→ **Given records**
☆ ☆ ☆ ☆

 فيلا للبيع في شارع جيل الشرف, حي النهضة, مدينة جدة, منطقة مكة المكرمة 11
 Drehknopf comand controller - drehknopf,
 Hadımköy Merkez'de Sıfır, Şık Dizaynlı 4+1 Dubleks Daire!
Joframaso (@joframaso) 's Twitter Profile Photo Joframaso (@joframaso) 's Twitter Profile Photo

☆ ☆ ☆ ☆

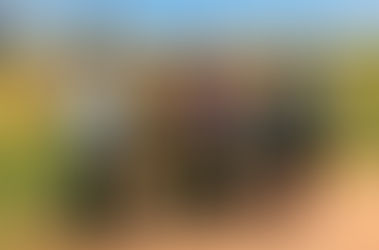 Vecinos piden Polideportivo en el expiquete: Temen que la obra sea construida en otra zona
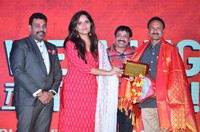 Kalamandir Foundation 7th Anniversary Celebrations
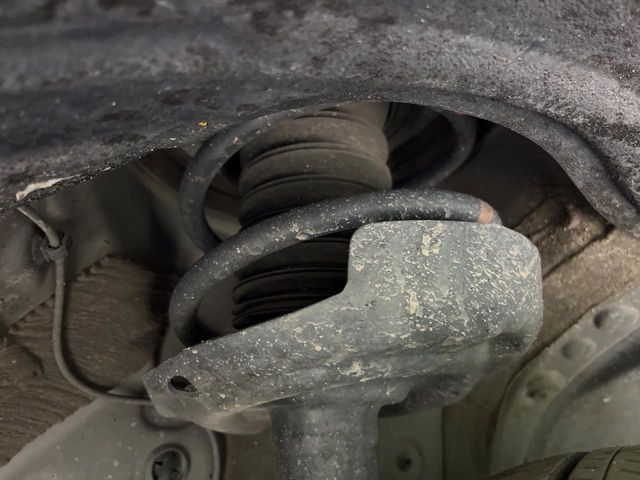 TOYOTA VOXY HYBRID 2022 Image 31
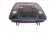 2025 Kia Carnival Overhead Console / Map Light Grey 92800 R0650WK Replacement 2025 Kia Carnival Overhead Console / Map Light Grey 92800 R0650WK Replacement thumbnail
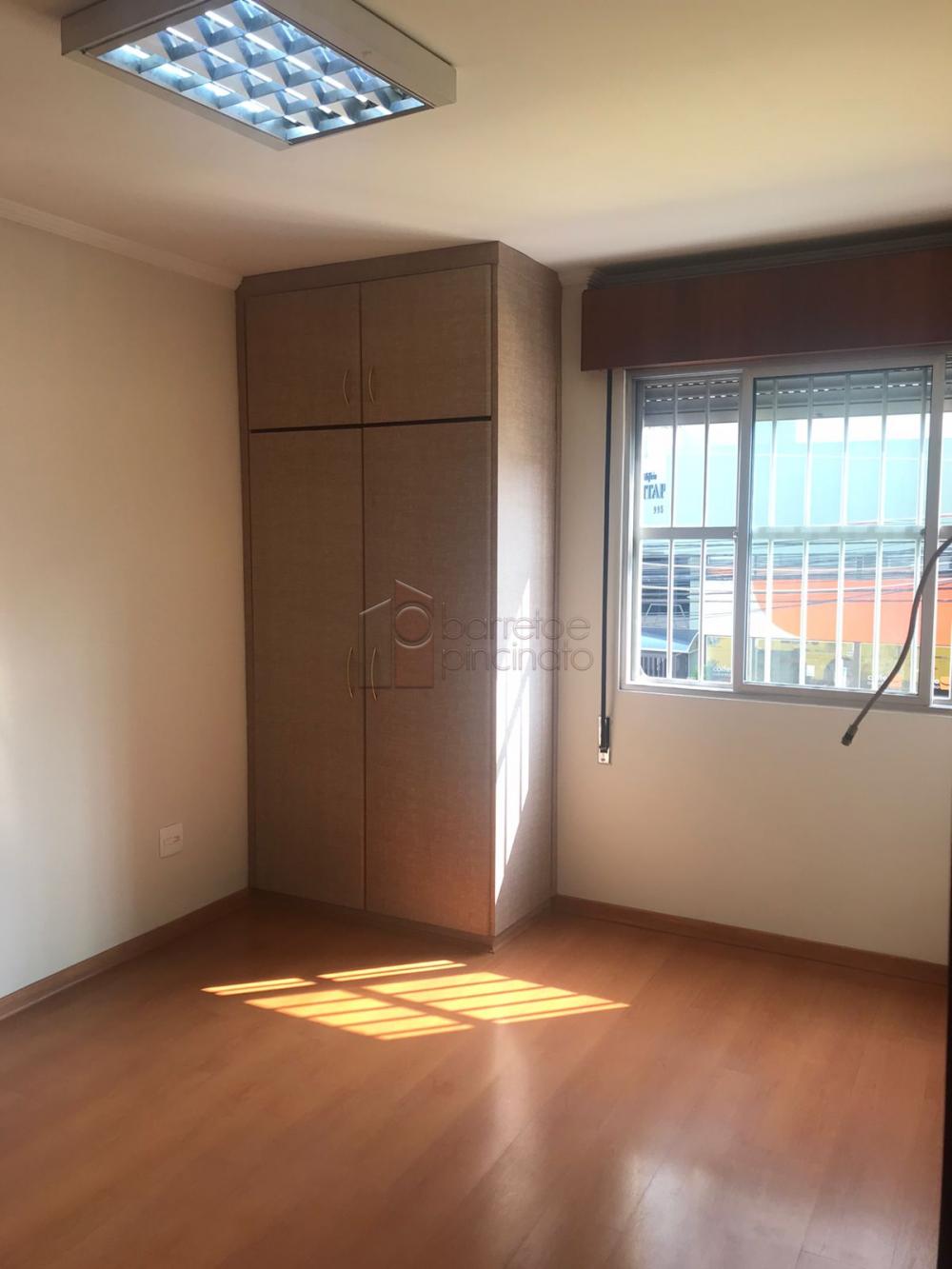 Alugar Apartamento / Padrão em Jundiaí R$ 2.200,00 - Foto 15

☆ ☆ ☆ ☆

→ **What is required**
Please repeat the lines of the material above exactly, starting with the line that contains "TOYOTA VOXY HYBRID 2022 Image 31" and ending with the line that contains "Alugar Apartamento /". Leave the pictures out.

→ **Answer space**
 TOYOTA VOXY HYBRID 2022 Image 31
 2025 Kia Carnival Overhead Console / Map Light Grey 92800 R0650WK Replacement 2025 Kia Carnival Overhead Console / Map Light Grey 92800 R0650WK Replacement thumbnail
 Alugar Apartamento / Padrão em Jundiaí R$ 2.200,00 - Foto 15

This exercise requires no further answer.